A long sigh and a long silence from Minneapolis marked the calm before the storm, and Butterfield didn’t disappoint.
“Captain Mitchell, you’re in charge… it’s your decision… but we own the airplane and the liability, and, Captain, I have no choice but to relay to you what this company all the way to the chairman of the board desperately wants, and that’s to take no chances with the lives of the passengers on our airplane. That may sound incredibly harsh, but nothing here is an easy judgment. And, in the final analysis, who’s to say that fuselage won’t stay attached? After all, the intensity of the airflow will be diminishing as you slow at the same rate you’d have to increase your angle of attack.”

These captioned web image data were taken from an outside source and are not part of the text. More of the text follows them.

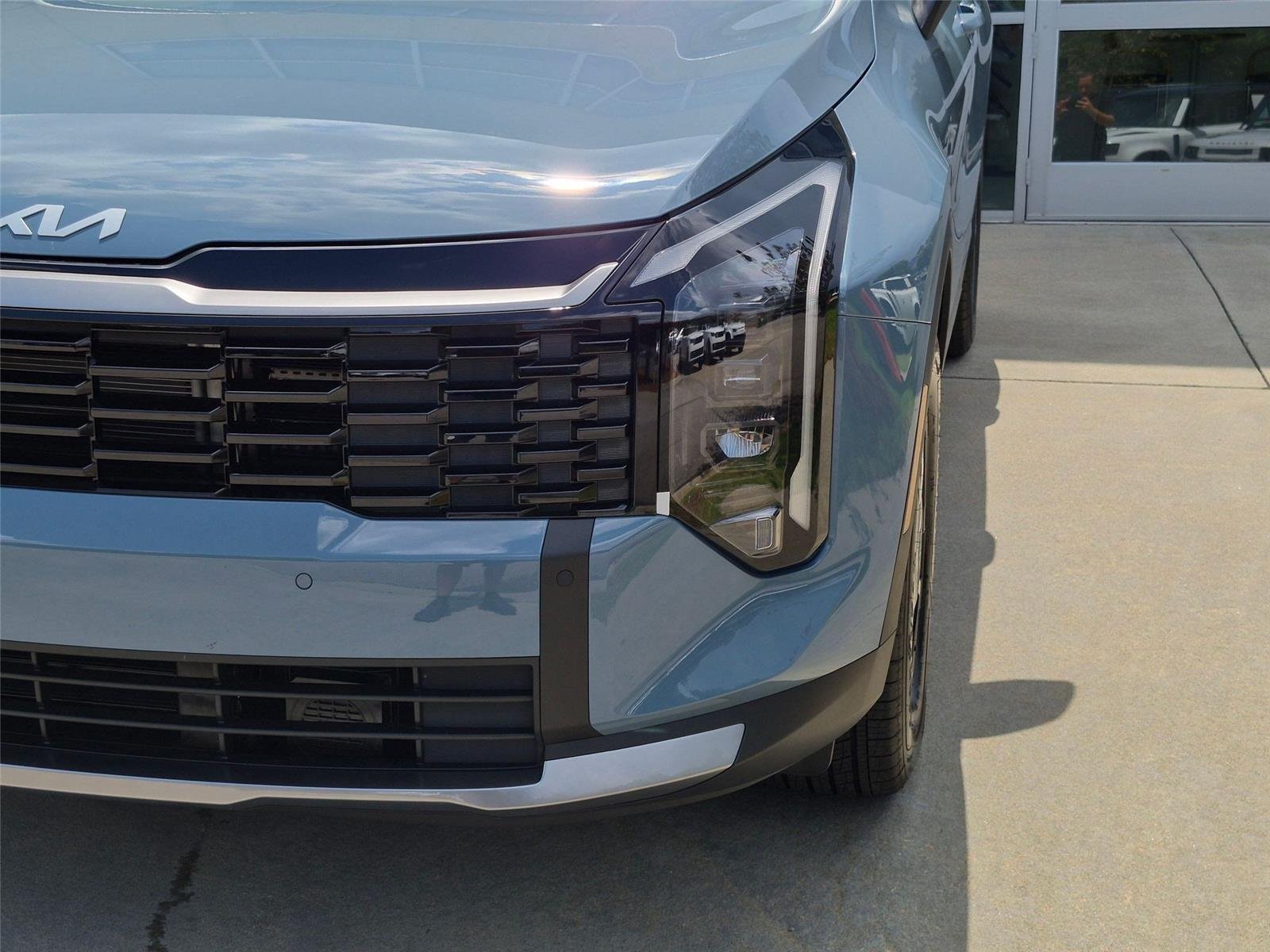 Used 2026 Heritage Blue Kia EX image 9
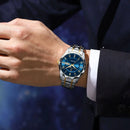 Relógio masculino com mostrador azul e pulseira em aço inoxidável bicolor
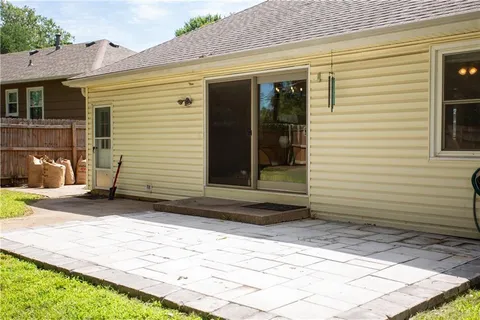$325,000 | 8878 Westbrooke Drive, Overland Park, KS 66212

“Who’s to say? I’m to one to say… me and the other captain over there who would be dead now if I’d slowed any more. Bottom line? I will not kill those people, sir. I’m remaining at 230.”
“Captain, I’m telling you…”
“No, Mr. Butterfield. You’re not telling me anything of use. What you’re trying to do is intimidate me to slow down. Perhaps you, and I guess the CEO, and everyone else, think that if I follow your orders, I can wash my hands of the moral responsibility for the results. But we all know that’s bullshit! You’re trying to make this horrible choice for me, and I cannot let you do it, because I know what will happen. Okay?”
“I can’t legally order you…”
“No, you can’t. But you can relay all you’ve said as a de facto order, and that’s what you’ve made crystal clear: do what we tell you! It’s pretty much the way Regal treats all its pilots. So okay, I understand your position. But it’s my call.”
“I’m not going to refute or endorse your characterization, Captain. Look, I’m not the bad guy here. None of us are. But you need to understand that your actions will have consequences.”
Marty forced a sarcastic laugh into the receiver, making sure it was loud enough to register on the other end.
“How about that! My actions have already had consequences! So will this conversation if things go poorly. Keep your fingers crossed, Mr. Butterfield, because in truth what I’m going to do up here is go with a calculated risk, versus an execution. Goodbye, sir. I assume you’re wishing me luck, but I’m disconnecting now in order to land.”
He jabbed the disconnect button and felt a surprisingly unexpected calm, the decisional agony resolved. So now, even before the deed was done, it was done — and his career undoubtedly would go with it.
Marty turned to the copilot, wondering why Ryan was balancing his smartphone with a calculator displayed on the screen.
“How’re you doing, Ryan?” he asked suspiciously.
“We’ve got a problem,” Ryan answered, far too focused to be aware of the irony.
“Just one?” Marty replied with a snort.
“We must be burning fuel faster than I calculated.”
“What are you seeing?”
With his left hand firmly on the control yoke, Ryan looked at the captain…
“We should have eight thousand pounds total remaining in the center tank, but we only have five!”
“How is that possible?” Marty asked. “I know we’re burning a hell of a lot more fuel down low and with the appendage on the right wing, but you had that figured, right?”
Ryan looked at him with deep concern bordering on true panic. “The center tank may be leaking, too.”
“Okay, we have five, but how much in the left main?”
“We can’t use that fuel! It’s counterbalancing the Beech fuselage.”